In other possible implementations, since not all objects whose priorities are lower than the priority of the target object will be preempted in a case where the maximum releasable resource amount is greater than or equal to the resource occupation amount corresponding to the target object, for each candidate node, an object with a lower object priority may be preferentially selected as a preemptable object from objects whose object priorities are less than the to-be-scheduled object. There may be one or more preemptable objects, as long as the resource occupation amount of the preemptable object is greater than or equal to the resource occupation amount corresponding to the target object. Then, all the candidate nodes are gathered, and an optimal node is selected therefrom as the target preemption node. A specific selection rule may be set according to requirements, for example, a candidate node with a lower priority of the preemptable container may be preferentially selected, etc., which is not limited by the present disclosure.

With the above method, the physical nodes in the cluster and the associated node information are maintained based on the balanced binary search tree, which can convert the problem of calculating the sum of the resources of the objects in the node into an interval sum problem, and then convert the interval sum problem into a structured sub-tree sum problem. By using the balanced binary search tree, the orderliness of the objects in the nodes can be maintained while the sub-tree property is maintained, that is, the total releasable resource amount corresponding to the tree node is calculated, so that the balanced binary search tree can be dynamically adjusted through node adjustment operations, and the total releasable resource amount corresponding to the tree node is obtained through the sub-tree sum, thereby realizing efficient calculation pruning operations and reducing the calculation loss of the preemption process.
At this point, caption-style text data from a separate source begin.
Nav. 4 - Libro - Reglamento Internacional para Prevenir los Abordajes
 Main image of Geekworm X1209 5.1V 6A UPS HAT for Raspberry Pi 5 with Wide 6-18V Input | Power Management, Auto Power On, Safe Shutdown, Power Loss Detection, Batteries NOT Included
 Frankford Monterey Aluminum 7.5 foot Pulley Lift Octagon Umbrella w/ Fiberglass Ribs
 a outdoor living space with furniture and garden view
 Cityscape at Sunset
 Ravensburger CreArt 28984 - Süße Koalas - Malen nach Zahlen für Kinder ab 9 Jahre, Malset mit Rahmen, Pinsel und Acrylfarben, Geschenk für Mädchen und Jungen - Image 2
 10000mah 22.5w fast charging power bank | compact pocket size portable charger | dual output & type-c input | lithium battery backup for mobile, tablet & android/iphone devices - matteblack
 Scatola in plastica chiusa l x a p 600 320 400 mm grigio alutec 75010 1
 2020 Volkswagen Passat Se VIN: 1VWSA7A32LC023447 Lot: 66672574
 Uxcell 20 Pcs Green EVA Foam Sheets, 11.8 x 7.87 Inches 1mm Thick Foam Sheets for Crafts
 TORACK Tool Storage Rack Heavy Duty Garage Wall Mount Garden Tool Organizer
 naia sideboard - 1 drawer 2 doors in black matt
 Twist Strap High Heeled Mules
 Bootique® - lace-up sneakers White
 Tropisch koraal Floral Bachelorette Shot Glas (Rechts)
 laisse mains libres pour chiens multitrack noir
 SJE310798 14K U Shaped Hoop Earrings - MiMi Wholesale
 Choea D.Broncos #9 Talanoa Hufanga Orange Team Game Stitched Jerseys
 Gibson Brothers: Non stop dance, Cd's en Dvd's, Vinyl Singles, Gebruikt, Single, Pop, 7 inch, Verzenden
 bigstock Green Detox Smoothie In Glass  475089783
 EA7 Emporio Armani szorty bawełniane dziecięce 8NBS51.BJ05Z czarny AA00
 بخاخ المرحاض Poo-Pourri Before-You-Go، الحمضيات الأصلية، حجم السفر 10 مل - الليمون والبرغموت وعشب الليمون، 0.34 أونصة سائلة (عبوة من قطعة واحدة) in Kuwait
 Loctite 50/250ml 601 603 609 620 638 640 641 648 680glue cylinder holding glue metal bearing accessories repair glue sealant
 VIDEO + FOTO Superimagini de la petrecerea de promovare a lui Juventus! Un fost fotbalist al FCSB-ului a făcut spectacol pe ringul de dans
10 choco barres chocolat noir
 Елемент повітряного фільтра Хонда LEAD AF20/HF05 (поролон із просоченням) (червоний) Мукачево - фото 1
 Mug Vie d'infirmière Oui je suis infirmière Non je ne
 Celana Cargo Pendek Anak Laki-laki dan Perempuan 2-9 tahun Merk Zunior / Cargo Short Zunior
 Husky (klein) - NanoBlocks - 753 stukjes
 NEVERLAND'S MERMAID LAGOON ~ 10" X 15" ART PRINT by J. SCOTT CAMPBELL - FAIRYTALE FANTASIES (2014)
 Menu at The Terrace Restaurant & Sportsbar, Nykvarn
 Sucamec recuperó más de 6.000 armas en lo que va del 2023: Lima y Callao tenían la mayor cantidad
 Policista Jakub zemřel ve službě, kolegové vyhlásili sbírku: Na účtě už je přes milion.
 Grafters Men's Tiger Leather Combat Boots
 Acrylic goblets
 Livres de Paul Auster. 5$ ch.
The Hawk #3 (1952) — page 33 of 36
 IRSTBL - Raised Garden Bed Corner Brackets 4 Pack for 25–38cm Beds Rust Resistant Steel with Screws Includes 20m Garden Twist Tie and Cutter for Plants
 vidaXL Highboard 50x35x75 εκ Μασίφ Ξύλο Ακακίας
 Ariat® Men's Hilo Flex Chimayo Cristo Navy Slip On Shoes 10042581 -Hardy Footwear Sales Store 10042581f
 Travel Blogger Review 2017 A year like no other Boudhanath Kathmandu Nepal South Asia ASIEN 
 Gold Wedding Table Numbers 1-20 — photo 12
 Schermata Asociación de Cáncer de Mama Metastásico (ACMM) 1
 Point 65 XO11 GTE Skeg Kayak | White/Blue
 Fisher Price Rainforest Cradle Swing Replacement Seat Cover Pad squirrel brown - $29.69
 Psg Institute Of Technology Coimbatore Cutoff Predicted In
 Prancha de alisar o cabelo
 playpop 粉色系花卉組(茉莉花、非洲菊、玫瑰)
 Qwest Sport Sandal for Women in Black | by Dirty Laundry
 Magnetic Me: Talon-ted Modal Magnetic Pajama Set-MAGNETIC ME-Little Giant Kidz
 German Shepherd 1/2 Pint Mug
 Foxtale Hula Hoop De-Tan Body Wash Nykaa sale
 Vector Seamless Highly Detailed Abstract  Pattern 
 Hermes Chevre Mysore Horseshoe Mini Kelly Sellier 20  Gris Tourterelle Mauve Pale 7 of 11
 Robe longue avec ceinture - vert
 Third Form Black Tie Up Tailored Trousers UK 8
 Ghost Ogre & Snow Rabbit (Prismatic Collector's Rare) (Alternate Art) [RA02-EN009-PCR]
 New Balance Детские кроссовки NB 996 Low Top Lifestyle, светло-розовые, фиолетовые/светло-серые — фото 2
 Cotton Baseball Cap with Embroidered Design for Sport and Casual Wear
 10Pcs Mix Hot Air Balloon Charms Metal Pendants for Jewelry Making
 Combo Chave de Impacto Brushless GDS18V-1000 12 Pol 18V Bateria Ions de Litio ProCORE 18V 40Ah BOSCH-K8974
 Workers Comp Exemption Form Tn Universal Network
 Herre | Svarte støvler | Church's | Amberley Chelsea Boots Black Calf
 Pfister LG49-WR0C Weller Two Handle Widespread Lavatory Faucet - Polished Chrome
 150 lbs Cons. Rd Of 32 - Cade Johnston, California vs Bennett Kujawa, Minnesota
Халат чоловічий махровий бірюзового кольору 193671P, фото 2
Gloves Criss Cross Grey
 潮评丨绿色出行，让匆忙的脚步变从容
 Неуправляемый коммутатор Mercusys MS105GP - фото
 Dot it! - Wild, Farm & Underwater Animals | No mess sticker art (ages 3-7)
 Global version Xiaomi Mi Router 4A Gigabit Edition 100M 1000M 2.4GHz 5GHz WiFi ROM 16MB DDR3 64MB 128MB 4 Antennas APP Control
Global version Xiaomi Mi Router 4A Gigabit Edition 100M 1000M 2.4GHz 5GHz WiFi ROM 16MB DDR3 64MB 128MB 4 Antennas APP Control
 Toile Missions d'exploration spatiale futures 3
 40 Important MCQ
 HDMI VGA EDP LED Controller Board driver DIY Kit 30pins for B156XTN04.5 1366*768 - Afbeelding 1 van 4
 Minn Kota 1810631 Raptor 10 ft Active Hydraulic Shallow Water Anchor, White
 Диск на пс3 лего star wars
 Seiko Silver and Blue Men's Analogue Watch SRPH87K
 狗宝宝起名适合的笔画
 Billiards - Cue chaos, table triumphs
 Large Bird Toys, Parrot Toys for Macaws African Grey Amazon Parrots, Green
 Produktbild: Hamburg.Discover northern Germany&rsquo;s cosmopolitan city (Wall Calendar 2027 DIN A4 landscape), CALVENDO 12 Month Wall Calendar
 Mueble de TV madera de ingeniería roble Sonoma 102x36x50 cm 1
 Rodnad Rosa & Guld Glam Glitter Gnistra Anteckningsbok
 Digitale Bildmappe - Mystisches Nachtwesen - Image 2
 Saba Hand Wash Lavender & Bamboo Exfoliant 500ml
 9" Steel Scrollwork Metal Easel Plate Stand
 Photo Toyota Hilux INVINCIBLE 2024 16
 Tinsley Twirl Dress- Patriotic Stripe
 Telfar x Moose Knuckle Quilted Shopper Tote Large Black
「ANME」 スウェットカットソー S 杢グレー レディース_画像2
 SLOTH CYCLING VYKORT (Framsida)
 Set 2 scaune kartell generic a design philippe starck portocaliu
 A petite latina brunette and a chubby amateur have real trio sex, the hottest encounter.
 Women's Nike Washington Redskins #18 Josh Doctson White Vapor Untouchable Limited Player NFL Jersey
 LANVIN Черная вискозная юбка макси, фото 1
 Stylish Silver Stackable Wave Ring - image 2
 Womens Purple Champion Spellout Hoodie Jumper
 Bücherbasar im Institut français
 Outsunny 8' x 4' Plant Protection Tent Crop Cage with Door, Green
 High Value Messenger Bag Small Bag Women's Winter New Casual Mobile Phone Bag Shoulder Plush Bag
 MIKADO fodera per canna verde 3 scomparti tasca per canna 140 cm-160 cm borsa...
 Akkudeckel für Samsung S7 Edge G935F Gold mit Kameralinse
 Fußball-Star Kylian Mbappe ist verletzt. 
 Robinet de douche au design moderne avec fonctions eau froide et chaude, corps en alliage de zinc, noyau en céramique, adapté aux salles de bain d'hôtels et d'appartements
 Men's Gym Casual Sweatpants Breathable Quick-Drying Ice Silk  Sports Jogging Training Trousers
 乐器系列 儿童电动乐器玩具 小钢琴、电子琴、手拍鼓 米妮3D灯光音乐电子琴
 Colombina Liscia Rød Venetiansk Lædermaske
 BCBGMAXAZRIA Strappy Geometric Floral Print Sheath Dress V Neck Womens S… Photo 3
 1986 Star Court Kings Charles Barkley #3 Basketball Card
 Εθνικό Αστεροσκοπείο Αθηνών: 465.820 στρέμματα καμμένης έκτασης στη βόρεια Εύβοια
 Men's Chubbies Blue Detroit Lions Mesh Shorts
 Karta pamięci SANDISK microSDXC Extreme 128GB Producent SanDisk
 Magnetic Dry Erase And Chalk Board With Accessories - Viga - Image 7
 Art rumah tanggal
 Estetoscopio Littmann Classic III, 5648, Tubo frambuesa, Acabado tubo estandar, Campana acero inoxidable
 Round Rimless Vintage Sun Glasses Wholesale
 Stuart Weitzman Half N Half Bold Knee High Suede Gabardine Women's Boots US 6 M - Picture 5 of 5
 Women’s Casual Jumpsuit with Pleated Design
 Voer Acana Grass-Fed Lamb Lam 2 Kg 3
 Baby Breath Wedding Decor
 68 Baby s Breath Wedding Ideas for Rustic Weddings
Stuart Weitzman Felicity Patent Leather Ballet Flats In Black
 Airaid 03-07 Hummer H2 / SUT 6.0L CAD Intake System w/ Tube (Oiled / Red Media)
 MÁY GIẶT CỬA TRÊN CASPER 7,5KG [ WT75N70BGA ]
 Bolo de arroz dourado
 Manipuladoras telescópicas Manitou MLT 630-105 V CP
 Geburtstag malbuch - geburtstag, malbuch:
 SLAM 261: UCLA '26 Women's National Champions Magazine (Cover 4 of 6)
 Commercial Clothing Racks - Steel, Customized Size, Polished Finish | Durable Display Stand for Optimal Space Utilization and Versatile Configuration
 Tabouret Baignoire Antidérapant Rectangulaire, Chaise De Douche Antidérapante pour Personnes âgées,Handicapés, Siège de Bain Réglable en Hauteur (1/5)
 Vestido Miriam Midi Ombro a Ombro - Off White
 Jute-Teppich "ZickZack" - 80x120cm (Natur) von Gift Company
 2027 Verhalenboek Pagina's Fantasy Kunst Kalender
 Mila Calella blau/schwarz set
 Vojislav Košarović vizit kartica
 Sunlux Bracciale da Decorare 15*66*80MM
Therefore, by optimizing snapshot update and the preemption process in the scheduling process, the cluster scheduler can also run efficiently and stably when scheduling a large-scale cluster, thereby effectively improving the scheduling throughput of the cluster scheduler.

Based on the same concept, an embodiment of the present disclosure provides a cluster-based scheduling apparatus. The cluster-based scheduling apparatus 900 includes:

- an obtaining module 901, configured to in response to a current scheduling, obtain a historical scheduling snapshot generated in a previous scheduling and read a global timing value corresponding to a cluster during the previous scheduling from the historical scheduling snapshot, where the global timing value is a latest change timing of a node in the cluster during the previous scheduling recorded in chronological order;
- a selection module 902, configured to read a respective timing value corresponding to each node in the cluster during the current scheduling from a scheduling cache and select, using the global timing value as a reference, a target node whose timing value is later than the global timing value in chronological order, where the scheduling cache is configured to dynamically update a change timing of each node in the cluster with a change of the cluster; and
- an update module 903, configured to update the historical scheduling snapshot based on node information of the target node to obtain a scheduling snapshot of the current scheduling and schedule a to-be-scheduled object based on the scheduling snapshot of the current scheduling.